Advisor's Corner with Hugh Cadden

Ronjini Joshua (RJ) –  Hello, welcome to compliance AI Advisors Corner. Today we’re speaking with Hugh Cadden, a senior consultant with Onpoint Analytics and an expert in derivative markets. Thank you, Hugh, for joining us today. So, today we’re gonna talk a little bit about the spoofing and JPMorgan case, from 2020. And obviously, how it plays into 2021. But I think the first big question that we can really address is what is the big kind of, it would be great if you can give a big overview of the JPM spoofing settlement, but also the significance of the settlement itself and the context around enforcement and compliance.

 

Hugh Cadden(HC) – The importance of or the significance of the JPMorgan spoofing settlement is, is it’s really the capstone of the spoofing taskforce effort over the last three years, and of course, it’s a $920 million number, so you might call it a mega settlement or mega fine. And it involved the joint task force, which included the CFTC sec, FBI, and the Department of Justice. So it was a joint action, which was important. It was extremely large, it was the largest find that the CFTC has achieved with respect to spoofing. So that was another landmark issue. And it basically accounted for the vast majority of the fines collected by the CFTC in 2020. So it was large. And it also basically, as the, as the capstone basically puts this, they put the stripe on the field with respect to spoofing. 

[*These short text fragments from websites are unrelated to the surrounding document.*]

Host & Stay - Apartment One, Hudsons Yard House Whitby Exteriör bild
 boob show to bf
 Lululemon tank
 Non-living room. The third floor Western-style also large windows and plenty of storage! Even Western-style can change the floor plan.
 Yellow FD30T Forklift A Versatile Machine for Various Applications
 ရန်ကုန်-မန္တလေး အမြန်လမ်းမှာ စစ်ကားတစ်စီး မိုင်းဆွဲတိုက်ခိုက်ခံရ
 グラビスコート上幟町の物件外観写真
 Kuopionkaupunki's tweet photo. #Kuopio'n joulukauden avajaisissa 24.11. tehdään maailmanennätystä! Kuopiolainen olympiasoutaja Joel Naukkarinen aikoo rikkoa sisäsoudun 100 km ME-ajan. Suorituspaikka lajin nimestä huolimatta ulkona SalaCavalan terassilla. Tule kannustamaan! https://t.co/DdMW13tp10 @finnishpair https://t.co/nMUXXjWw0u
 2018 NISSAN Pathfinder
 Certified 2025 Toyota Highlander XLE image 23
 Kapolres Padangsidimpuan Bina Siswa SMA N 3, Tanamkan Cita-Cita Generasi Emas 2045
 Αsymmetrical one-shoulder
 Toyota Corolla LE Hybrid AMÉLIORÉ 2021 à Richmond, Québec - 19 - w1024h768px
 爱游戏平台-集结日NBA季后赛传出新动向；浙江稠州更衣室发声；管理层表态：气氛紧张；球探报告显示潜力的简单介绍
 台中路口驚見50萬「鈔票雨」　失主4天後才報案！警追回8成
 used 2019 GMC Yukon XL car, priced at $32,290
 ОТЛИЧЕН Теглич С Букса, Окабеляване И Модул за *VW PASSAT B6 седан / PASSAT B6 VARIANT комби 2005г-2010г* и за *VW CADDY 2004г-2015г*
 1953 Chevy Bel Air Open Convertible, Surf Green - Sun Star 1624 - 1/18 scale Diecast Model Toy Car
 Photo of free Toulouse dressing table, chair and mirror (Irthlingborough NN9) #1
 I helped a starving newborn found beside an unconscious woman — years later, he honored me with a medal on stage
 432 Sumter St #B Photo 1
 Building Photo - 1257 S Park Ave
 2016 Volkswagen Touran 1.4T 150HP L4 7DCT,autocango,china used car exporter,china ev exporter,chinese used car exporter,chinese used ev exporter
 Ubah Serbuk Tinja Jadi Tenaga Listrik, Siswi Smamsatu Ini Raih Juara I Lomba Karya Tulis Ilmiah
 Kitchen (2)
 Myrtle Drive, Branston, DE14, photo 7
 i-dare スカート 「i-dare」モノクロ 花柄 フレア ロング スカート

RJ – Yeah, I have a lot of interesting questions around this because it is such a large settlement. And it brings up a lot of questions about the efficiency of enforcement’s like these. What does what is the JP Morgan’s spoofing settlement tell us about kind of the overall overall market enforcement and deterrence going forward?

HC – Well, I think it tells us a lot. But before I get into that, maybe I might just give a give a sketch of the terms.

RJ – Oh yeah, please, please. Of course,

HC – Spoofing of course, is basically the intentional entering of orders to cancel them before they’re executed. And it’s a manipulation tool or factor that comes into play in trading, and it was part of the Dodd Frank legislation. So basically, JP Morgan engaged over an eight year period, it was 2008 to 2016. With these spoofing activities off their trading desk, and it would involve hundreds of 1000s of spoofing orders. And so it’s very significant, very broad in the context of their trading operation. And the settlement basically reflects that. It ended up to be a global and $920 million settlement, which when you break it down, essentially about $436 million was the monetary funding, but also there was $350 million or so that was a sort of a restitution or Victim Compensation Fund element. And then finally $172 million component that was a disgorgement. provision. So there it was significant and broad in terms of, of the different types of relief that came into play. And one of the elements that that was also interesting is that in the context of the settlement, they do the background on it, and part of that background was the the supervisory lapses or failures. Early period, JP Morgan did not have proper analytics to even do the compliance review. And then I think they mentioned in 2014, they put into place the analytics, and then they failed to follow them, when the red flags starting to surface are what you would call exception reports. So there was sort of a dual failure there, but those that’s the broad brush of the settlement. And then in addition, with the Department of Justice, there was a difference. prosecution agreement. So with a deferred prosecution agreement, I think the term was three years. So that came into play. And that was a criminal. I believe wire fraud violation. Lots of elements. But those that’s that’s the broad brush of it.

RJ – Yeah, I mean, it is a broad brush. It’s very, there’s a lot of things going on in here. So again, so let’s kind of go go back into, you know, what is the saying about overall market enforcement? I think that outline is really nice to have, as we as we dive into this conversation a little bit deeper. What do you find are really the salient points of this particular settlement?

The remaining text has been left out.